Questa mattina Montani ha deciso di prendere il toro per le corna è ha annunciato la sua intenzione di candidarsi con un messaggio nella chat dei militanti. “Quando verrà convocato il prossimo congresso provinciale intendo candidarmi alla carica di segretario – sono le parole di Montani –. Voglio questo ruolo per dare una mano al nostro movimento che si deve rilanciare dopo anni difficili. Non intendo avere altri ruoli in Lega (ho già fatto tutto). Voglio una squadra compatta con un solo obbiettivo, il meglio per il Verbano Cusio Ossola!”. Ora qualcuno dovrà fermarlo, se ne ha la forza e i voti. Non è un mistero che Molinari vorrebbe una soluzione unitaria così come sono ormai certificate le divisioni nella comunità verbanese e ossolana, peraltro falcidiata dalle defezioni di militanti e amministratori.  

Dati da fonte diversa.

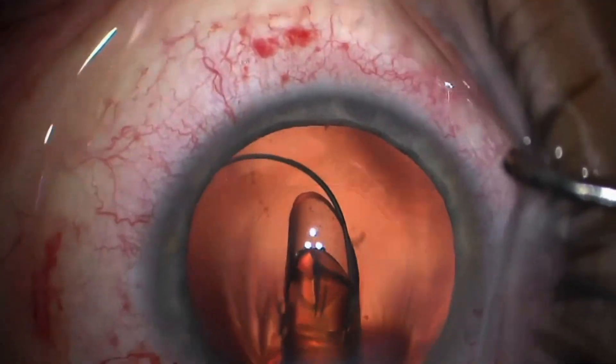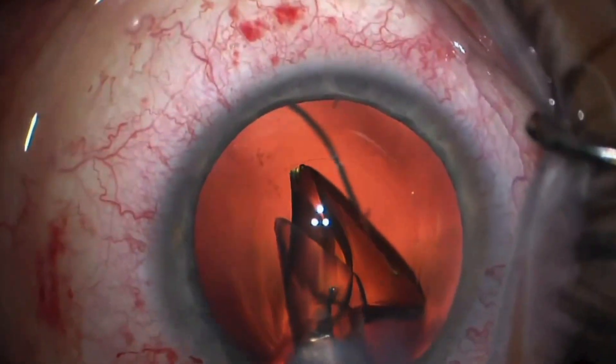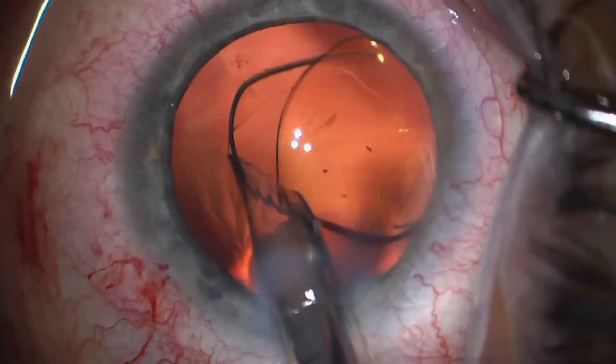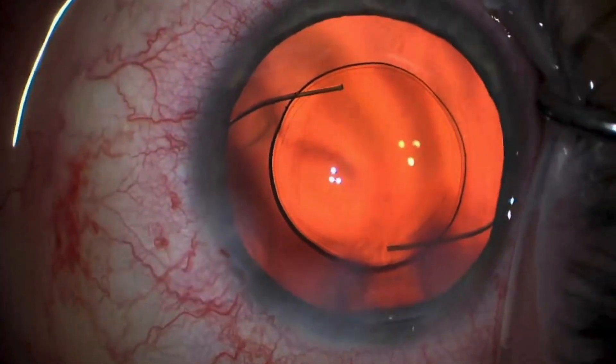Important considerations that patients need to keep in mind to determine whether they would like to go with the light adjustable lens are the following. This is a lens where the fine-tuning is done over at least three visits in addition to the usual protocol after cataract surgery, so patients need to be prepared and have the time to come in for three additional visits. Also, these patients need to wear UV-blocking sunglasses when they are out in the sun until all the fine-tuning has been completed — typically about four to five weeks after the light adjustable lens has been placed in the eye. The last consideration is that there's out-of-pocket cost for patients when they choose the light adjustable lens, and this needs to be acceptable to them.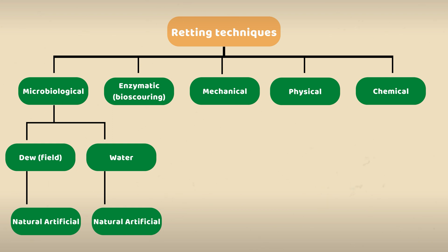Biological retting is the most common retting process used. In this process, bacteria or fungi decompose the pectins and gum to help separate the fibers from the surrounding materials. This can be done naturally with dew, water, or enzyme treatment.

In tutto il Piemonte finora i congressi sono scivolati via lisci, senza dispute o strascichi polemici, sotto l’attenta egida di Riccardo Molinari, numero uno del partito regionale, che nel lessico leghista è “nazionale”. A Torino Alessandro Benvenuto ha lasciato lo scettro alla collega di Montecitorio Elena Maccanti, così come Roberto Simonetti, a Biella, è subentrato al consigliere regionale Michele Mosca, mentre Massimo Giordano si è presa la sua Novara. Ad Alessandria la scelta è caduta sul sindaco di Fubine Lino Pettazzi, mentre a Cuneo è stato confermato Giorgio Bergesio, a riprova della tenuta dell’asse tra il capogruppo della Camera e il ministro Roberto Calderoli.

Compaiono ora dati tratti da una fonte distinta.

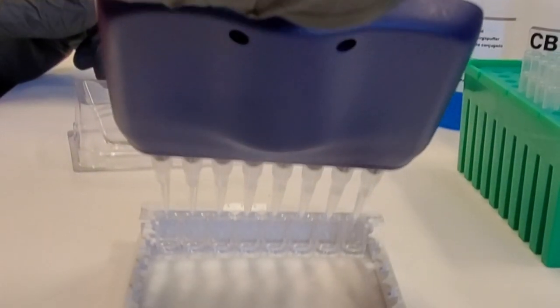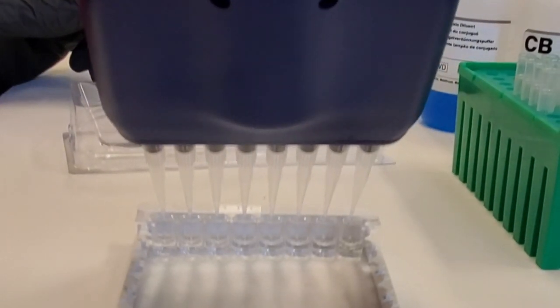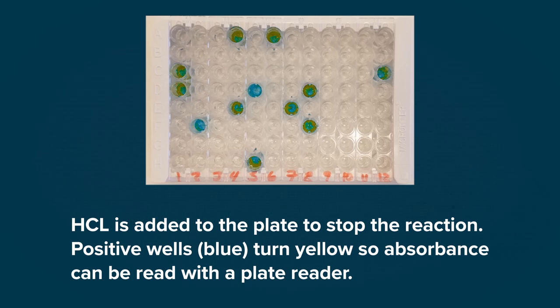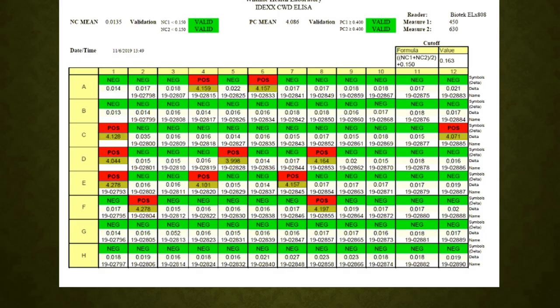Next, we add a color-changing substrate to the plate. In 15 minutes, the substrate reacts with the attached enzyme to produce a color change. Hydrochloric acid is added to the plate to stop the reaction. Positive wells, in blue, turn yellow so absorbance can be read with a plate reader. The absorbance is read, and we perform calculations to determine negative and positive status.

Il Vco non è tuttavia l’unica provincia rimasta senza segretario. Anche a Vercelli – dove, neanche a dirlo, Montani è commissario – s’è alzato un polverone dopo che i militanti si sono opposti alla soluzione indicata dal partito. In quello che un tempo era il feudo di Gianluca Buonanno e poi del suo delfino, Paolo Tiramani, il blocco dei novaresi, guidato da Giordano, ha proposto, d’accordo con Molinari, il vicesindaco di Gattinara Daniele Baglione. Ad oggi, però, se si svolgesse un congresso vincerebbe il primo cittadino di Tronzano Michele Pairotto, sul quale tuttavia c’è il veto dei maggiorenti dal momento che era tra i firmatari di una lettera inviata a Salvini a sostegno dell’ex segretario Tiramani, defenestrato perché sospettato di intelligenza col nemico, cioè con Fratelli d’Italia. Si racconta anche di una riunione ristretta in cui Montani, nelle vesti di commissario, avrebbe parlato di una vera e propria fatwa di Molinari nei confronti di tutti coloro che avevano sottoscritto quella lettera.